COLLECTED MATERIAL
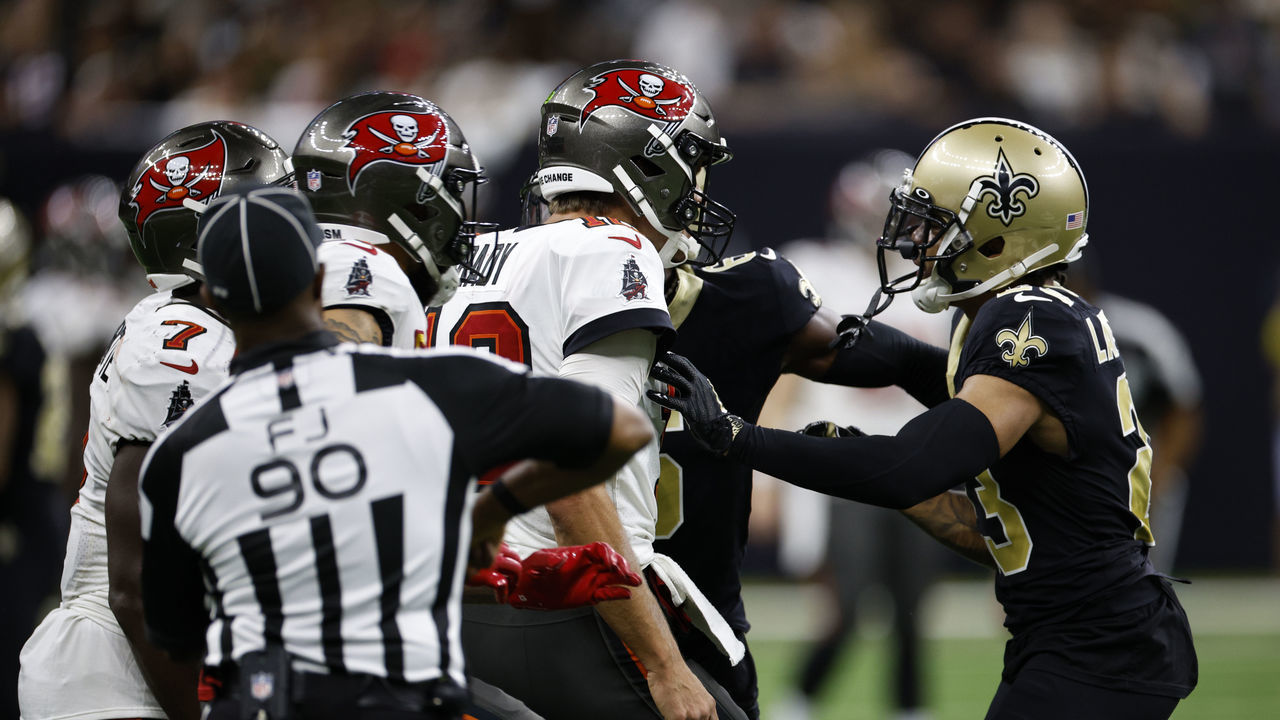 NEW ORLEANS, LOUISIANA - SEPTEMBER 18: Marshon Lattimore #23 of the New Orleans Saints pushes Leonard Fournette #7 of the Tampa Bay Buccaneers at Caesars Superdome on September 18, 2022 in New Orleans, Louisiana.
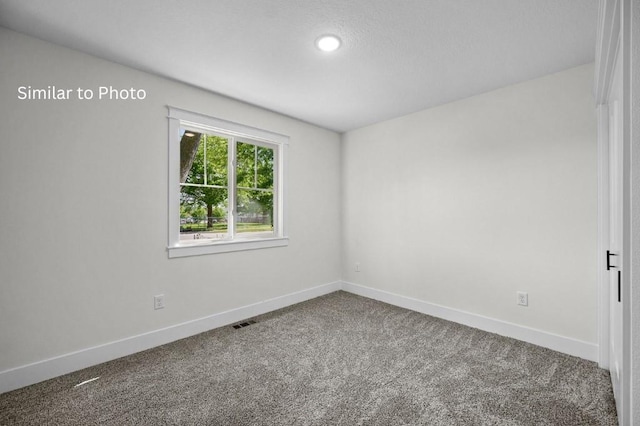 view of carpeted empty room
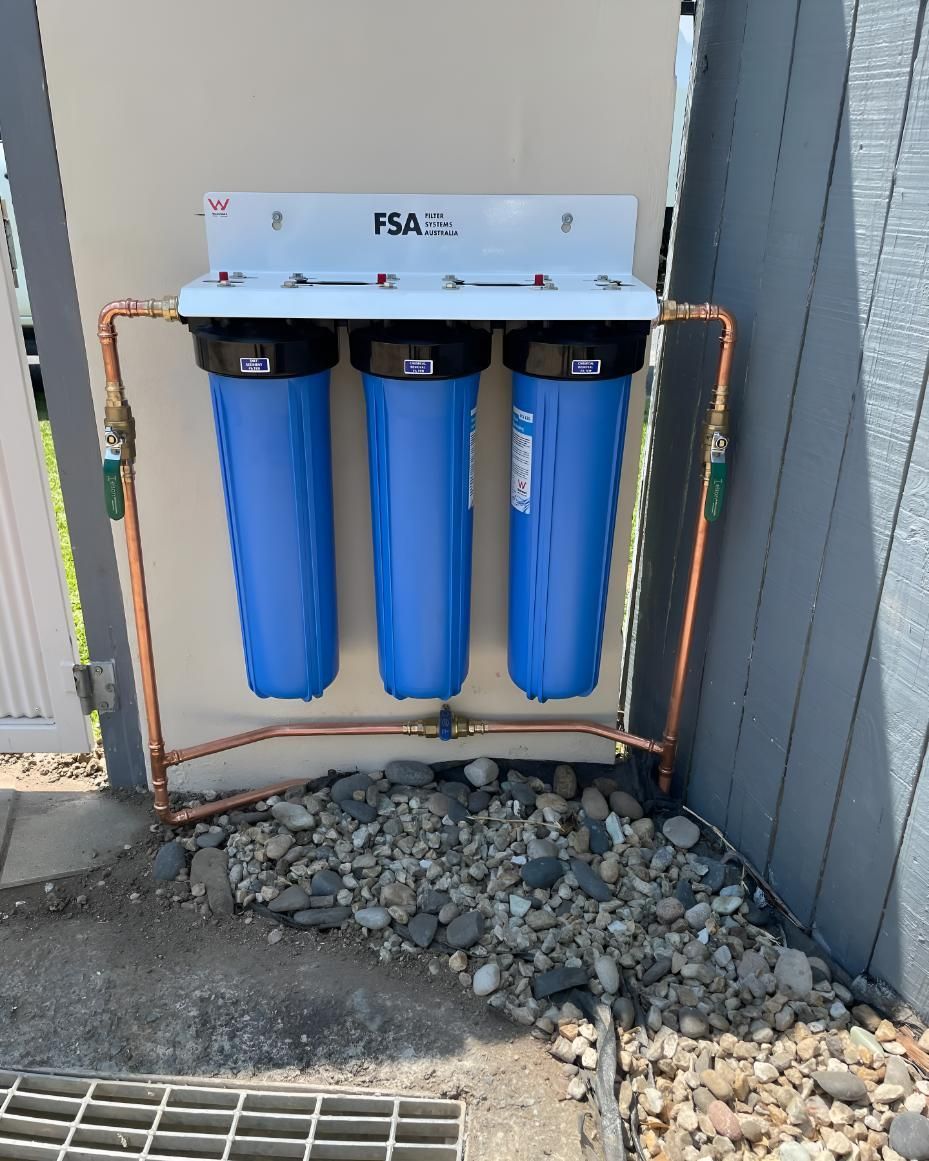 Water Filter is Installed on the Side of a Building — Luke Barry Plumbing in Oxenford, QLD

REQUIREMENT
Word for word, restate the material above; do not carry over the pictures.

TASK RESPONSE
 NEW ORLEANS, LOUISIANA - SEPTEMBER 18: Marshon Lattimore #23 of the New Orleans Saints pushes Leonard Fournette #7 of the Tampa Bay Buccaneers at Caesars Superdome on September 18, 2022 in New Orleans, Louisiana.
 view of carpeted empty room
 Water Filter is Installed on the Side of a Building — Luke Barry Plumbing in Oxenford, QLD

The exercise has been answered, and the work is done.